Furthermore, we have taken a look at how the Compact countries’ ratings in the World Bank’s Ease of Doing Business Index, which is important to many investors, have evolved over the past few years. And we can say that the ratings of the Compact countries in particular have improved greatly. Allow me to congratulate everyone on that.
So we can now point to a host of practical examples, and, should you want to find out more, you can have a look at the information in the atrium.
Of course, the decision to invest in Africa remains one for the private sector. We cannot take the decision for businesses. We can, however, help. We can create confidence, and we can say that conditions in the Compact states are certainly more transparent than they used to be.
In another step, we – in the form of Gerd Müller and his team at the Federal Ministry for Economic Cooperation and Development – have entered into bilateral reform partnerships with some of the Compact countries, namely Ghana, Tunisia, Côte d’Ivoire and now also Senegal and Ethiopia. We can also say that the possibility of a reform partnership is open to all. We are talking about the conditions, and the Minister is speaking to many representatives of the other Compact countries too.
You will realise that there has been a great deal of movement; but I do not wish to paint too positive a picture, because there are still problems that need to be solved. These include the major issue of security, in the Sahel region in particular. Here we have different instruments to try and make security and development compatible. The challenges posed by terrorism are severe.

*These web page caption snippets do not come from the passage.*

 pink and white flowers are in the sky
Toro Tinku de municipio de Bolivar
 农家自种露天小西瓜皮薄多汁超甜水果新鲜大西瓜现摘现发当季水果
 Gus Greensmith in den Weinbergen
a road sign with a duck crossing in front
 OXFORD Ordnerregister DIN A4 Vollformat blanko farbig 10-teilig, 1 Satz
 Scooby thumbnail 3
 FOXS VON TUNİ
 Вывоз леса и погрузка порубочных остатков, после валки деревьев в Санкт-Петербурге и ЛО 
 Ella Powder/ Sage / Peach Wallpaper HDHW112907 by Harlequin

And then there is the matter of population growth. Africa has a young and incredibly proactive population. Basically the exact opposite from what we have in Germany. We talk a great deal about how many pensioners we are going to have in future. In Africa, though, they talk more about young people. That is why I am pleased about the cross-border special initiative on Training and Employment, which aims to create 100,000 jobs and 30,000 training places.

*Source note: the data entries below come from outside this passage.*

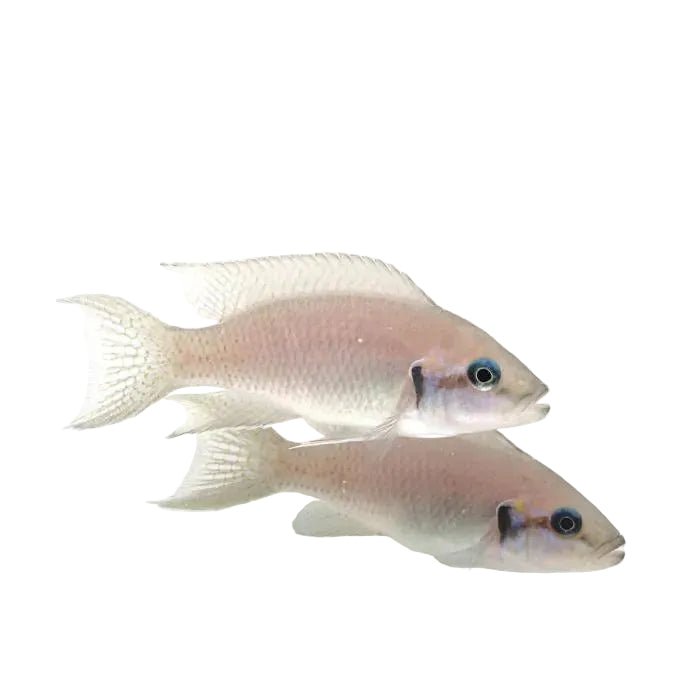 Albino Princess Cichlid - Apex AquaticAlbino Princess Cichlid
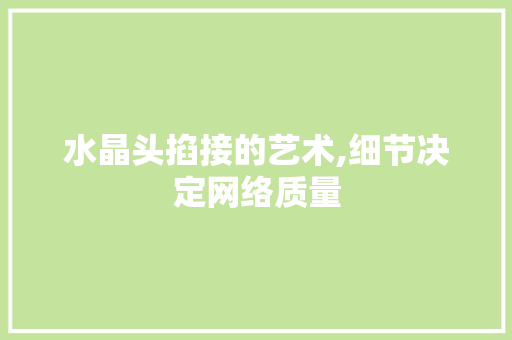 水晶头掐接的艺术,细节决定网络质量 友链在线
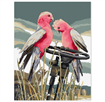 FIONA JUDE - Country Thread Cross Stitchperching pair galahs  34 cms x 44 cms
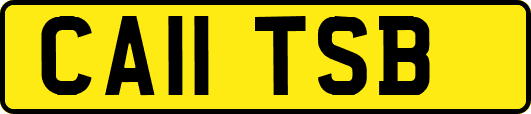 CA11TSB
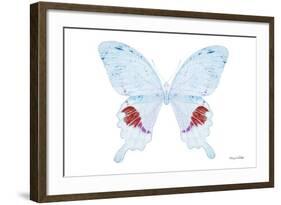 Miss Butterfly Hermosanus - X-Ray White Edition-Philippe Hugonnard-Framed Photographic Print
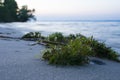 Algae on the shore of a close-up. The beginning of the sunset on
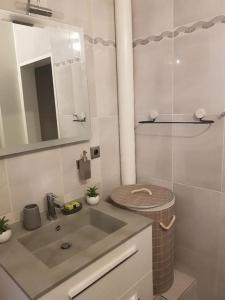 ein Bad mit einem Waschbecken und einer Dusche in der Unterkunft Appartement COSY entièrement équipé in Toulouse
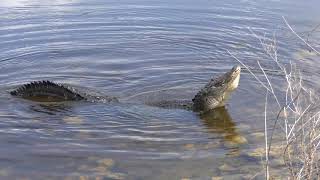 alligator mating call during breeding season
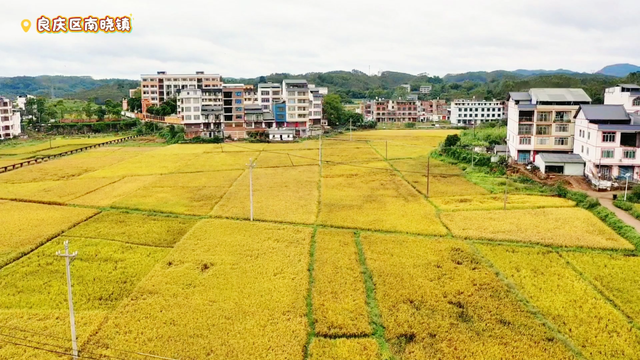 随手拍出电影感！良庆这片金色稻田，美到犯规！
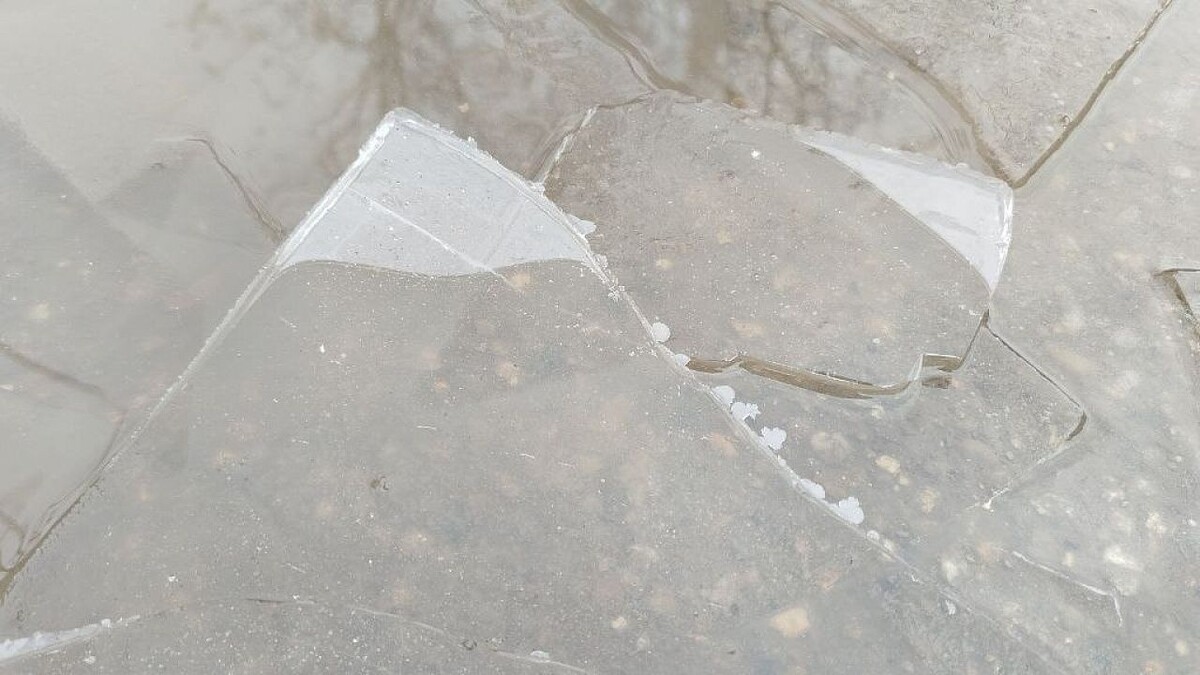    Фото: телеканал «Краснодар»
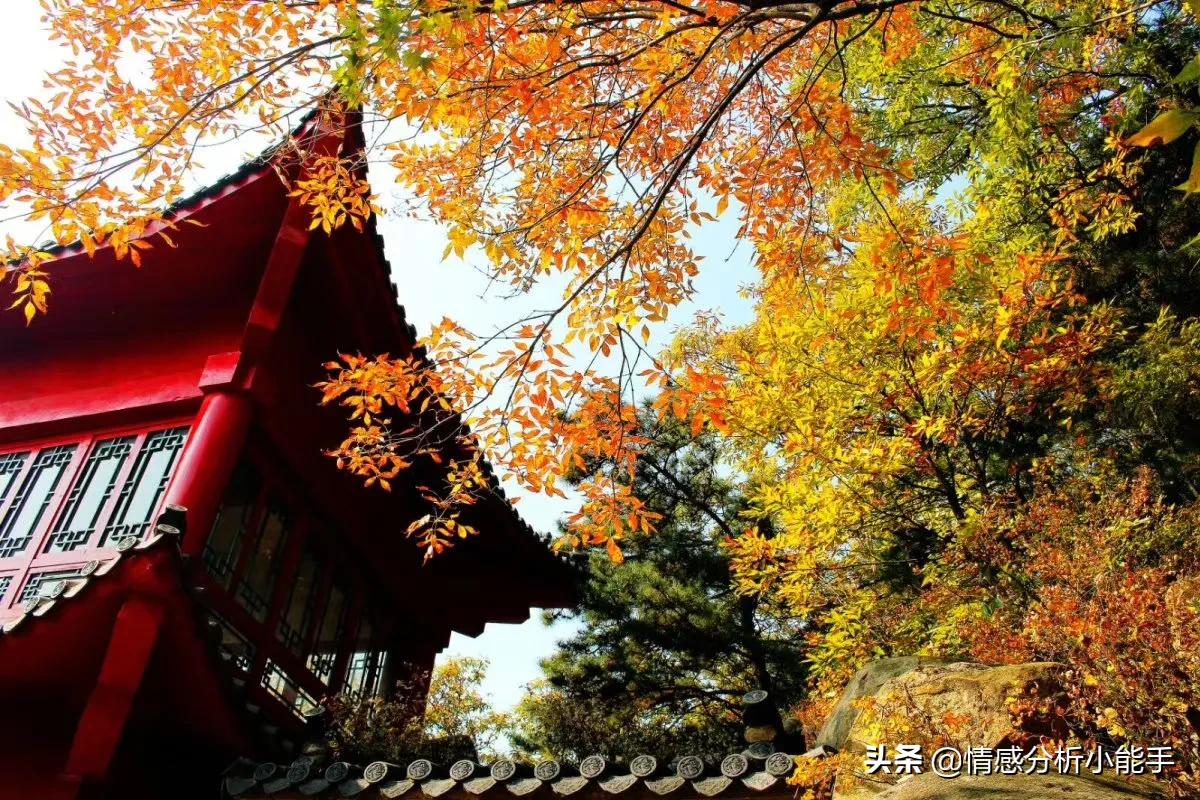 婚后老公和婆婆同住一张床,新婚之夜老公和婆婆聊天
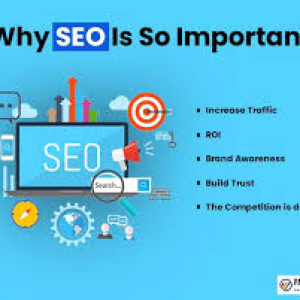 Avatar of seocourses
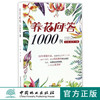 养花问答1000例 8599 私家花园管理阳台养花病虫害无公害栽培养护 家庭养花防治病虫害 养花知识经典工具书 中国林业出版社畅销书 商品缩略图0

I would also like to remind you of the Federal Government’s decision to introduce an immigration act for skilled workers. From 1 March 2020, we will for the first time have rules on how skilled workers can move to Germany. As Mr Grosse has already indicated, our Chambers of Commerce Abroad will be the points of contact. We will join with the German business community to organise a large-scale forum before the end of December to consider what countries we want to advertise in for skilled workers, and generally how we are going to go about it.
Ladies and gentlemen, I am glad that my speech is not the main event this morning. Rather, we are going to be learning about concrete projects for individual Compact countries. In other words, of course, we are going to be learning more about your countries. And so I would like to close by quoting an African saying: “If you want to know how business is going at the market, you have to go down there.” It’s as simple as that. True, today the market is being shifted here to Berlin for us, but if we really want to know about it, then, yes, we need to go there.
On that note: thank you very much, particularly to our guests who have travelled a long way. I hope we will all enjoy a successful conference.